[Brief descriptive captions]

_____

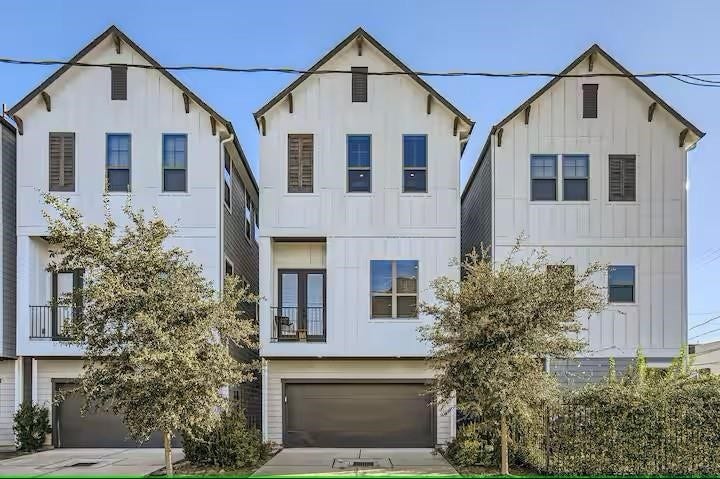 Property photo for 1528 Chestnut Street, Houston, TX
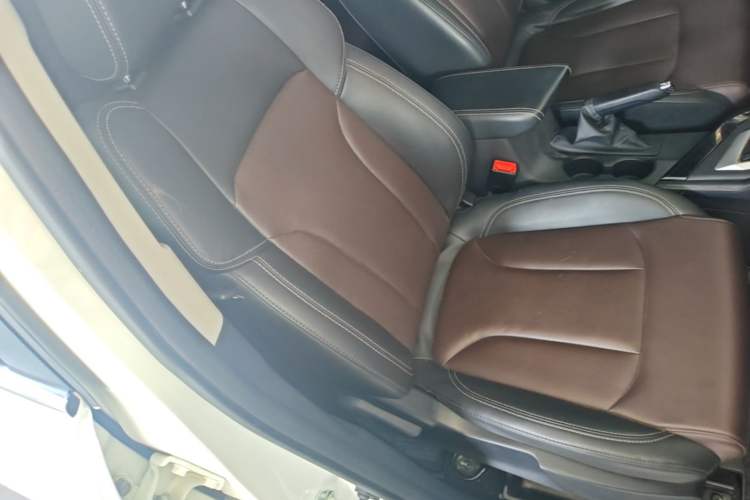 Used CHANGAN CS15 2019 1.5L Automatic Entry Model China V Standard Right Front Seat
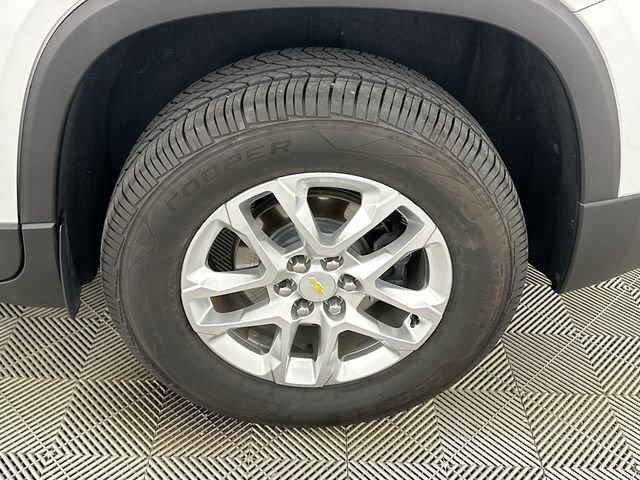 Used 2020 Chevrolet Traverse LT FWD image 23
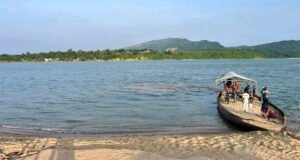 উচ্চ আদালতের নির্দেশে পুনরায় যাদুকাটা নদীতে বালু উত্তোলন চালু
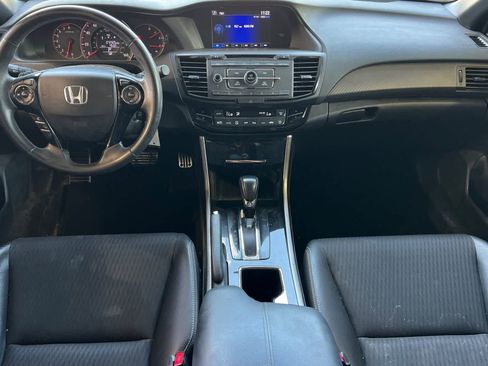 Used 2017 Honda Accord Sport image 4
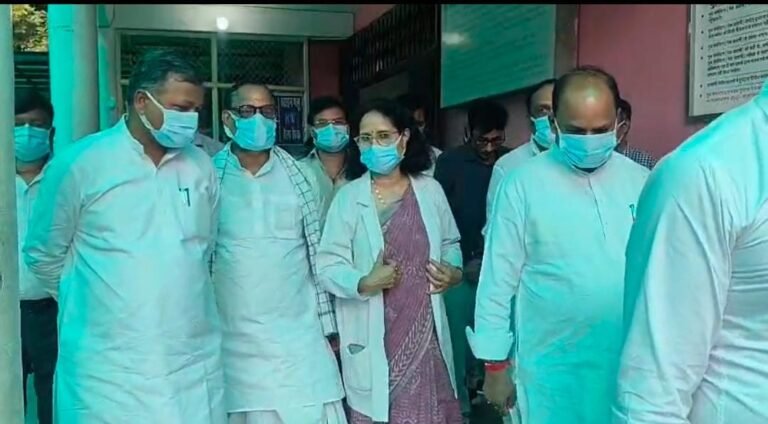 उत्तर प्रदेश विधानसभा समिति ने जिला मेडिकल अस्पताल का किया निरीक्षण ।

_____

*ASSIGNMENT*.
Would you return the records exactly as written, minus any image?

*OUTPUT OF THE TASK*.
 Property photo for 1528 Chestnut Street, Houston, TX
 Used CHANGAN CS15 2019 1.5L Automatic Entry Model China V Standard Right Front Seat
 Used 2020 Chevrolet Traverse LT FWD image 23
 উচ্চ আদালতের নির্দেশে পুনরায় যাদুকাটা নদীতে বালু উত্তোলন চালু
 Used 2017 Honda Accord Sport image 4
 उत्तर प्रदेश विधानसभा समिति ने जिला मेडिकल अस्पताल का किया निरीक्षण ।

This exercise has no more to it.